▶ Exercise prompt: The required output is the exact text of the lines from the line containing "And don't forget, if" through the final line below, inclusive, without pictures.

▶ Supplied data:
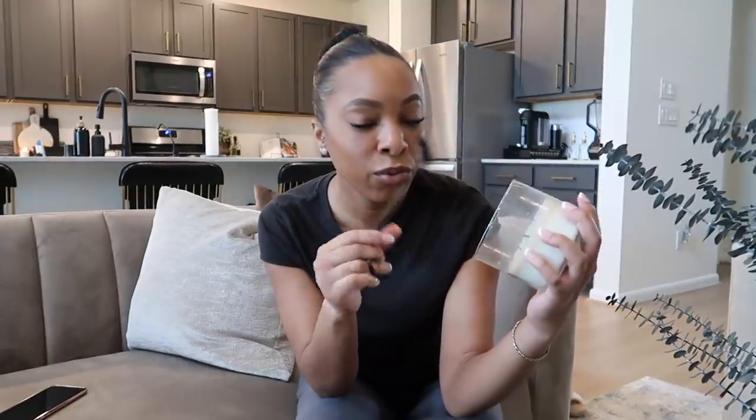So jumping right into it — kind of doing a home decor haul portion of this video. This first item is not really home decor — I bought this wick trimmer. I've been needing one of these forever. I've known for years that you're supposed to trim your wicks before you light them because it helps your candles burn more evenly and last longer. I've just never purchased one — I don't see these in stores — so I went ahead and bought this one on Amazon for like seven dollars.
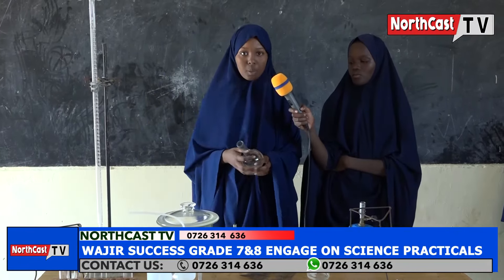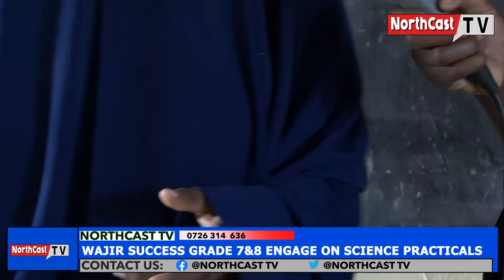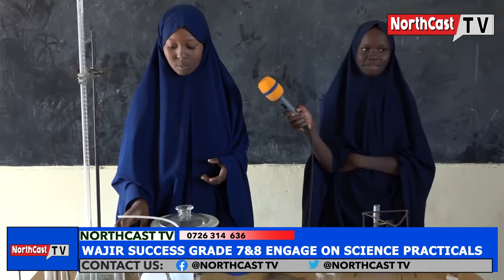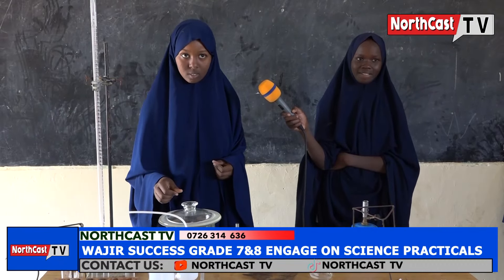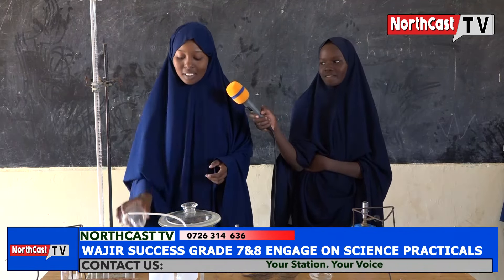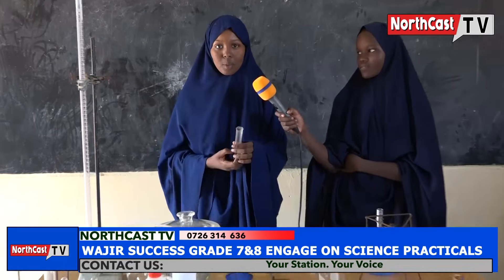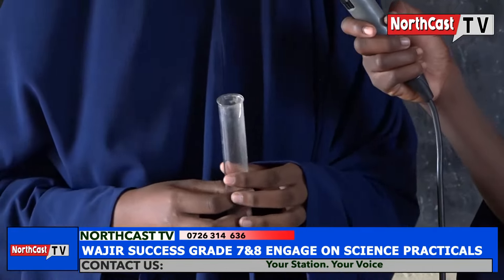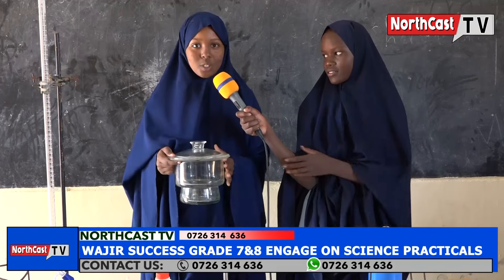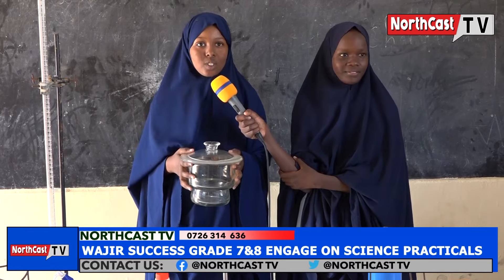This is a round bottom flask. It is used to hold liquids and solids that are being heated. This is a boiling tube. It is used to hold liquids and solids that are being heated. This is a crucible. It is used to hold liquids and solids that need strong heating.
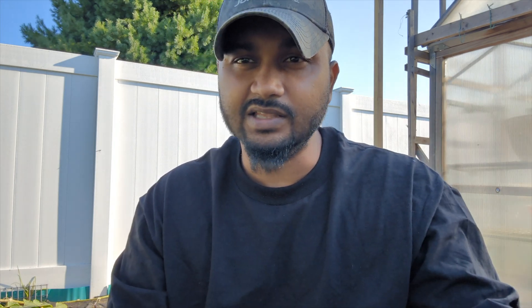And don't forget, if your tomatoes are close to red — like orange — you could still pick your tomatoes, leave them on the countertop, and they will turn red.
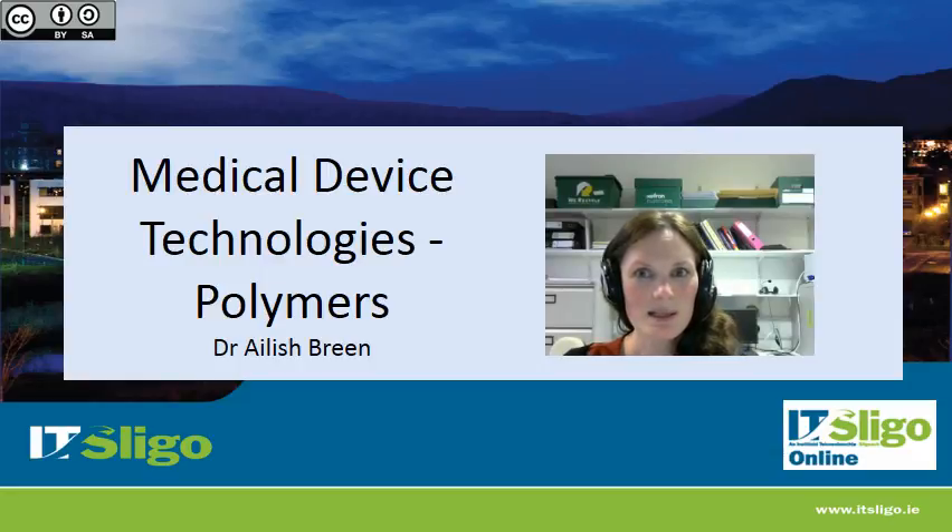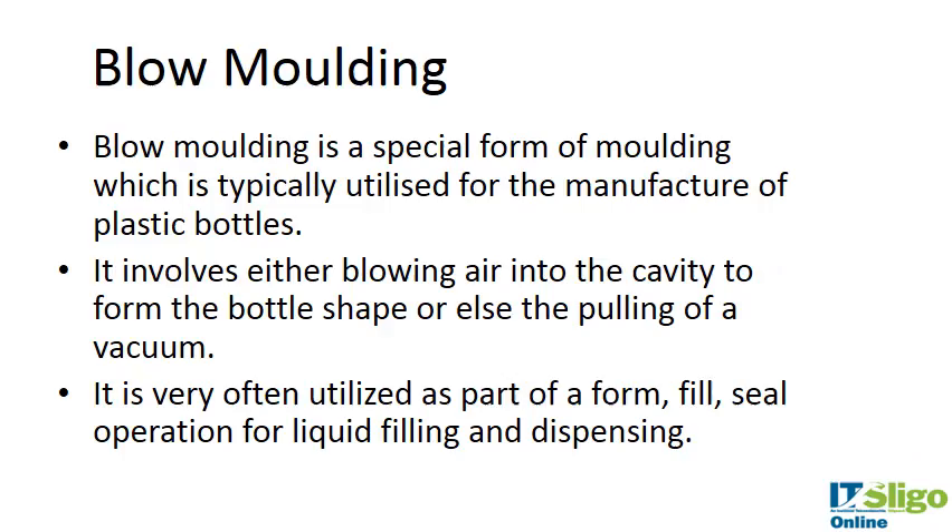I've talked about compression molding and injection molding, and now I'm going to talk about blow molding. So what is blow molding? It's a special form of molding which is typically utilized for manufacturing plastic bottles.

▶ Output for this exercise:
And don't forget, if your tomatoes are close to red — like orange — you could still pick your tomatoes, leave them on the countertop, and they will turn red.
I've talked about compression molding and injection molding, and now I'm going to talk about blow molding. So what is blow molding? It's a special form of molding which is typically utilized for manufacturing plastic bottles.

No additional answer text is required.